2024-01-25 05:00:49
Cornell University Instructor Cancels Class for ‘Global Strike for Palestine’
A Cornell University instructor who once said Israelis should “rot in the deepest darkest pits of hell” canceled her first class of the semester in solidarity with a “Global Strike for Palestine,” an email obtained by the Washington Free Beacon shows.

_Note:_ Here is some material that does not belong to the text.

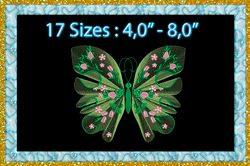 Rippled butterfly machine embroidery design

Alyiah Gonzales, a Ph.D. student at Cornell who teaches an English class on “race, writing, and power,” emailed her students Monday to say she was “canceling class in solidarity with collective calls for a Global Strike for Palestine,” according to a screenshot of the message. Gonzales in her email said she “mourn[s] the fact that all universities in Gaza have been destroyed or demolished by Israeli military forces.” In lieu of class, she asked her students to write an essay on “the relationship between writing, power, and systems of oppression.”
Gonzales’s message comes as Cornell and other Ivy League institutions grapple with a federal investigation into anti-Semitic incidents on campus. In late October, a Cornell junior was arrested and charged with posting anti-Semitic threats online—in one message, the student allegedly said he would “bring an assault rifle to campus and shoot all you pig Jews.” Cornell history professor Russell Rickford, meanwhile, praised Hamas’s Oct. 7 attack on Israel during a campus rally, calling it “exhilarating” and “energizing.”
While Rickford went on leave after a video of his comments surfaced, it’s unclear whether Gonzales will do the same. A Cornell spokeswoman did not return a request for comment on whether the school plans to discipline Gonzales, instead pointing the Free Beacon to a Tuesday afternoon statement from provost Michael Kotlikoff. That statement, which was sent to Cornell faculty and instructors, did not mention Gonzales by name but did refer to “canceling classes as a political call to action.”
“Faculty and instructors should conduct their classes and schedule them in a way that is academically appropriate,” Kotlikoff said in his statement. “Canceling classes as a political call to action, or using one’s role in instruction to promote a personal or political belief, diminishes our role as educators.”